Hcy represents a key metabolic intermediate in the metabolism of sulfur amino acids. Both in vitro and in vivo studies have shown that Hcy is toxic to neuronal cells. However, very little has been reported on the effects and neurotoxic mechanisms of Hcy on the neural cells in the ischemic brain. In the present study, we found that Hcy treatment caused a significant mitochondrial ultrastructural injury in the ischemic cortex and hippocampus, promoted Cyt c translocation, and inhibited ETC Complex I–III activities. Further study showed that Hcy increased mitochondrial pSTAT3 and ROS levels in both N2a cells and the ischemic brain and that crosstalk occurred between ROS and pSTAT3 in the Hcy-treated cells. These results indicated that oxidative stress, mitochondrial STAT3 overactivation, and their interplay may be involved in the mechanism of Hcy-induced mitochondrial injury in the hippocampus and cortex of ischemic brains.

Hcy-induced changes in oxidative stress have largely been studied in the neural cell cultures and the animal models of some neurodegenerative diseases such as Alzheimer and Parkinson27,28,29,30. For example, Hcy has been found to induce neuronal cell injury and neurological dysfunction via oxidative stress in an Alzheimer’s disease model.
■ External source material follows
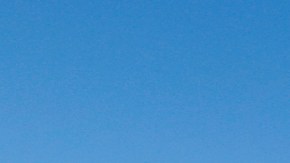 03/28/19 /LOS ANGELES/Vapers Darian and Kayle (did not want to give his last names), discuss the new ban on smokers, during his visit to the Venice Beach Boardwalk. The Board of Supervisors expands an existing ban on using tobacco products at beaches, parks and government buildings to include electronic cigarettes and pot. (Aurelia Ventura/La Opinion)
Hcy directly increased the neurotoxicity of amyloid ß by inducing ROS formation30. However, it is unclear whether oxidative injury also plays an important role in Hcy-treated ischemic brains. In the current study, both in vitro studies of N2a neural cells and research in animal models of focal cerebral ischemia demonstrated that a high Hcy level led to an increase in oxidative stress. What’s worth mentioning is that experimental studies do not consistently support the role of oxidative stress in the brain injury. Gomez et al. has concluded that mildly high Hcy decreases ROS generation in isolated brain mitochondria from normal adult rats under non-stressed conditions31. Possibly, this discrepancy results from the presence or absence of a mutual influence of co-morbid hyperhomocystinemia to other pathological damage (such as brain ischemia, Alzheimer’s or Parkinson’s disease). Further, our results also showed that the mitochondria suffer more severe damage, including changes in morphology and function, in ischemic brains following Hcy treatment. Conversely, mitochondria are considered the primary intracellular sources of ROS as well as the targets of oxidative stress32, 33. Thus, Hcy may cause mitochondrial dysfunction by raising ROS levels.

The decline in the activities of mitochodrial ETC complexes has been reported to involve the pathological mechanism of Hcy-associated diseases. For instance, Timkova et al. recently investigated the effect of HHcy on rat heart function, and found that Hcy-induced myocardial injury was accompanied by a significant reduction in the activities of ETC complexes II and III, whereas activity of the complex I was unchanged34. However, our findings revealed that the elevated Hcy levels caused mitochondrial dysfunction, which was displayed as a significant decrease in all three enzyme activities of ETC complexes I- III in ischemic brains. Interestingly, Folbergrová et al. demonstrated that Hcy could selectively inhibit the activity of complex I in the cerebral cortex of immature rats following seizures since the activity of complex II remained unaffected15. Therefore, it seems that the impact of Hcy on the activities of ETC complexes varies according to the animal model used and the context of the study.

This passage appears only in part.